Sadly, after the affair D-day bomb drops, the pain just begins for the betrayed spouse. The unfaithful spouse however, may feel a sense of relief and that “it’s finally over.”
The unfaithful person feels relieved that the big secret about their affair has been exposed, and the stress of living a double life is released, that they naturally are ready for everything to just end.
Now, the betrayed spouse is (typically, it seems) the one reading books, blogs and message boards, seeking advice and support.
The typical unfaithful person, on the other hand, may show some remorse and may agree to counseling and generally do what is asked of them, but they mostly just want this whole mess to be over with. They want to move forward. They don’t want to dwell on the past at all. Rug sweeping anyone?
But as we’ve discussed many times in the past, this is the period of time when the betrayed spouse has to get the answers he or she needs. Honest answers. Usually not because they want to use the information to punish the unfaithful person for the rest of their lives, but simply to understand what the hell happened and why it happened.
Now here is where the typical unfaithful person makes one or more of these critical errors:
- They let the details out in dribs and drabs (trickle truth)

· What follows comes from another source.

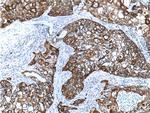 Cytokeratin 14 Antibody in Immunohistochemistry (Paraffin) (IHC (P))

- They continue to outright lie and deny and don’t divulge the truth
- They refuse to talk about it much – if at all – for various reasons
Granted, this doesn’t happen in every case, as there are some very remorseful unfaithful persons who flip that switch to instantly become the healer and answer every question truthfully and completely. However, in my experience that seems to be a rather rare occurrence.
Where are we going with this?
So, this isn’t so much a “how to” article as it is a nudge for discussion. (and we have to give credit to an email we received from Tim Tedder for this topic)
Let’s discuss the following…
To the Betrayed Partners:
- How did you know you were getting the truth, or not?
- What gave you confidence that you could believe what was being said?
- What did you need to see/hear that you didn’t get?
To the Unfaithful Partners:
- How quickly did you get to complete honesty after the affair?
- What made it difficult to confess completely?
- What, if anything, motivated you toward a truthful confession?
Let’s get some responses from both sides and talk about this in the comment section below!
This sort of thing can be a great teaching/learning experience for those who may be having a hard time getting to complete honesty after the affair.